По приезде в Финляндию я встретился с Андреевым и, беседуя с ним, рассказал ему мои невеселые думы. Он горячо и даже как будто с обидою возражал мне, но возражения его показались мне неубедительными — фактов у него не было.

Но вдруг он, понизив голос, прищурив глаза, как бы напряженно всматриваясь в будущее, заговорил о русском народе словами необычными для него — отрывисто, бессвязно и с великой, несомненно искренней убежденностью.

Я не могу, — да если б и мог, не хотел бы воспроизвести его речь; сила ее заключалась не в логике, не в красоте, а в чувстве мучительного сострадания к народу, в чувстве, на которое — в такой силе, в таких формах его — я не считал Л.Н. способным.

Он весь дрожал в нервном напряжении и, всхлипывая, как женщина, почти рыдая, кричал мне:

Ты называешь русскую литературу — областной, потому что большинство крупных русских писателей — люди московской области? Хорошо, пусть будет так, но все-таки это — мировая литература, это самое серьезное и могучее творчество Европы. Достаточно гения одного Достоевского, чтоб оправдать даже и бессмысленную, даже насквозь преступную жизнь миллионов людей. И пусть народ духовно болен — будем лечить его и вспомним, что — как сказано кем-то — «лишь в больной раковине растет жемчужина».

— А красота зверя? — спросил я.

— А красота терпения человеческого, кротости и любви? — возразил он. И продолжал говорить о народе, о литературе все более пламенно и страстно.

Впервые говорил он так страстно, так лирически, раньше я слышал столь сильные выражения его любви только к талантам, родственным ему по духу, — к Эдгару По чаще других.

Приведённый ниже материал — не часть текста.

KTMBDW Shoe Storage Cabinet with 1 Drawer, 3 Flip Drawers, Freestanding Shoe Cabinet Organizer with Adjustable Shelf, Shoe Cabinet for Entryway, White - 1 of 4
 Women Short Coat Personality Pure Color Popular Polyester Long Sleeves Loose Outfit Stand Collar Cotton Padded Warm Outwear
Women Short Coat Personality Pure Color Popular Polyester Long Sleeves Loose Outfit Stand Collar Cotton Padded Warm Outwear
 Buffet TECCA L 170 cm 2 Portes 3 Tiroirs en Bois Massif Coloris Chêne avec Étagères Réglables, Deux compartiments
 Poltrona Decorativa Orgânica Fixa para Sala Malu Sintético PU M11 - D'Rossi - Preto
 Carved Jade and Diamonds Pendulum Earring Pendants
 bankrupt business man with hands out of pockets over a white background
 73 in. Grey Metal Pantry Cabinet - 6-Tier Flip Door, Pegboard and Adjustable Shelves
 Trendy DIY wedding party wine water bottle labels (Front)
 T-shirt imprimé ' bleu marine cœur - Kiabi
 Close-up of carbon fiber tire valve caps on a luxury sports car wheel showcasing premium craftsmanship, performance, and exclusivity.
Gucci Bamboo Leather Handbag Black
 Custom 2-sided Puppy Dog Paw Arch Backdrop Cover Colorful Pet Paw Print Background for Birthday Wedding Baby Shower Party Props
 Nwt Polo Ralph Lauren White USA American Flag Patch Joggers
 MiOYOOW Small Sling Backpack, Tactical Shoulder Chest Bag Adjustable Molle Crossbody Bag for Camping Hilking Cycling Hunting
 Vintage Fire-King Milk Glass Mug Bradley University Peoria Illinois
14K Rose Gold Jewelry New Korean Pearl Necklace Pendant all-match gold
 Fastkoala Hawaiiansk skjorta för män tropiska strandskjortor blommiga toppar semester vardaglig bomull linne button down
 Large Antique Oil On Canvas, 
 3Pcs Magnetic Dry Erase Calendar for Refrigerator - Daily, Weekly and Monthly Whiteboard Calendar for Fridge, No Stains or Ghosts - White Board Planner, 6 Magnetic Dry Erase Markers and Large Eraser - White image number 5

Вскоре после нашей беседы разразилась эта гнусная война, — отношение к ней еще более разъединило меня с Андреевым.

Лишь в 15-м году, когда из армии хлынула гнуснейшая волна антисемитизма и Леонид, вместе с другими писателями, стал бороться против распространения этой заразы, мы, однажды, поговорили. Усталый, настроенный дурно, он ходил по комнате, засунув одну руку за пояс брюк, другою размахивая в воздухе. Темные его глаза были угрюмы. Он спросил:

— Можешь ты сказать откровенно, — что заставляет тебя тратить время на бесплодную борьбу с юдофобами?

Я ответил, что еврей вообще симпатичен мне, а симпатия — явление «биохимическое» и объяснению не поддается.